Reproduce the full listing without a single change.

__________________________________________________

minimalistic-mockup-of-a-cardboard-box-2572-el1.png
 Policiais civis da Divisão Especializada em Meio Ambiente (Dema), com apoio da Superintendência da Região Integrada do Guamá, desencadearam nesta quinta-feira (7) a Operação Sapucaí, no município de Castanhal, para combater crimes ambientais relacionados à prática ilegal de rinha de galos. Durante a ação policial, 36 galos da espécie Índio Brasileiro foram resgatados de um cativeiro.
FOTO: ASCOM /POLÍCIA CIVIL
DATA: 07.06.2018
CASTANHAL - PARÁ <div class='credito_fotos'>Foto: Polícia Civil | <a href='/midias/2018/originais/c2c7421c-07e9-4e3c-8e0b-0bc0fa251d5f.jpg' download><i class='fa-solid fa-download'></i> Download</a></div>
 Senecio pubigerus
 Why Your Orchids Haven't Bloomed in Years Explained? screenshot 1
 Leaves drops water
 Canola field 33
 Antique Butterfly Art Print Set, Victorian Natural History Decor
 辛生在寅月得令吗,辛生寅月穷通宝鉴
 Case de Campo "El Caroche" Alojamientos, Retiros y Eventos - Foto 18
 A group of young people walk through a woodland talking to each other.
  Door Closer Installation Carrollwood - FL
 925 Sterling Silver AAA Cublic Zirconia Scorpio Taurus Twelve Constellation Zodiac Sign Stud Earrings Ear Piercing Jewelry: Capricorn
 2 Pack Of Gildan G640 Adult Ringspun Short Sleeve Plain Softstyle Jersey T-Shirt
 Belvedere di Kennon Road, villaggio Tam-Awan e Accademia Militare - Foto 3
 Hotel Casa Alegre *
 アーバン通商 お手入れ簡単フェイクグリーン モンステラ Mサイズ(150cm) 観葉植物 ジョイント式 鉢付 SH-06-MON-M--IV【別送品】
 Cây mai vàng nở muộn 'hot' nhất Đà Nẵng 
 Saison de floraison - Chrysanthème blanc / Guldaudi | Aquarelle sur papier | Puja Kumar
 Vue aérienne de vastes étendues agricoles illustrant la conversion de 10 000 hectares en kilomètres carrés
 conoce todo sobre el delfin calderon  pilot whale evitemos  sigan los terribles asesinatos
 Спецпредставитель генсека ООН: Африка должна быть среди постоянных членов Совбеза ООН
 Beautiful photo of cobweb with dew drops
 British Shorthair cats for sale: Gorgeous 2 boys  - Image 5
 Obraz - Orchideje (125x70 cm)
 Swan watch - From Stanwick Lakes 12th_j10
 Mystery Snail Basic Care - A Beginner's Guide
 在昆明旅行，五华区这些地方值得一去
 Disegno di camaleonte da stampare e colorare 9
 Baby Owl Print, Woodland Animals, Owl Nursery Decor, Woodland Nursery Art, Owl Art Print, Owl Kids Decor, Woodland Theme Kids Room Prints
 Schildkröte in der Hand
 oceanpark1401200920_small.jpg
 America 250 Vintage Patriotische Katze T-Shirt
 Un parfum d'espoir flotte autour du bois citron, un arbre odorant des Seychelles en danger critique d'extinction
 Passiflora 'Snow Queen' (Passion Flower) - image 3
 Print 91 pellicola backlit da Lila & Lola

__________________________________________________

Solution:
minimalistic-mockup-of-a-cardboard-box-2572-el1.png
 Policiais civis da Divisão Especializada em Meio Ambiente (Dema), com apoio da Superintendência da Região Integrada do Guamá, desencadearam nesta quinta-feira (7) a Operação Sapucaí, no município de Castanhal, para combater crimes ambientais relacionados à prática ilegal de rinha de galos. Durante a ação policial, 36 galos da espécie Índio Brasileiro foram resgatados de um cativeiro.
FOTO: ASCOM /POLÍCIA CIVIL
DATA: 07.06.2018
CASTANHAL - PARÁ <div class='credito_fotos'>Foto: Polícia Civil | <a href='/midias/2018/originais/c2c7421c-07e9-4e3c-8e0b-0bc0fa251d5f.jpg' download><i class='fa-solid fa-download'></i> Download</a></div>
 Senecio pubigerus
 Why Your Orchids Haven't Bloomed in Years Explained? screenshot 1
 Leaves drops water
 Canola field 33
 Antique Butterfly Art Print Set, Victorian Natural History Decor
 辛生在寅月得令吗,辛生寅月穷通宝鉴
 Case de Campo "El Caroche" Alojamientos, Retiros y Eventos - Foto 18
 A group of young people walk through a woodland talking to each other.
  Door Closer Installation Carrollwood - FL
 925 Sterling Silver AAA Cublic Zirconia Scorpio Taurus Twelve Constellation Zodiac Sign Stud Earrings Ear Piercing Jewelry: Capricorn
 2 Pack Of Gildan G640 Adult Ringspun Short Sleeve Plain Softstyle Jersey T-Shirt
 Belvedere di Kennon Road, villaggio Tam-Awan e Accademia Militare - Foto 3
 Hotel Casa Alegre *
 アーバン通商 お手入れ簡単フェイクグリーン モンステラ Mサイズ(150cm) 観葉植物 ジョイント式 鉢付 SH-06-MON-M--IV【別送品】
 Cây mai vàng nở muộn 'hot' nhất Đà Nẵng 
 Saison de floraison - Chrysanthème blanc / Guldaudi | Aquarelle sur papier | Puja Kumar
 Vue aérienne de vastes étendues agricoles illustrant la conversion de 10 000 hectares en kilomètres carrés
 conoce todo sobre el delfin calderon  pilot whale evitemos  sigan los terribles asesinatos
 Спецпредставитель генсека ООН: Африка должна быть среди постоянных членов Совбеза ООН
 Beautiful photo of cobweb with dew drops
 British Shorthair cats for sale: Gorgeous 2 boys  - Image 5
 Obraz - Orchideje (125x70 cm)
 Swan watch - From Stanwick Lakes 12th_j10
 Mystery Snail Basic Care - A Beginner's Guide
 在昆明旅行，五华区这些地方值得一去
 Disegno di camaleonte da stampare e colorare 9
 Baby Owl Print, Woodland Animals, Owl Nursery Decor, Woodland Nursery Art, Owl Art Print, Owl Kids Decor, Woodland Theme Kids Room Prints
 Schildkröte in der Hand
 oceanpark1401200920_small.jpg
 America 250 Vintage Patriotische Katze T-Shirt
 Un parfum d'espoir flotte autour du bois citron, un arbre odorant des Seychelles en danger critique d'extinction
 Passiflora 'Snow Queen' (Passion Flower) - image 3
 Print 91 pellicola backlit da Lila & Lola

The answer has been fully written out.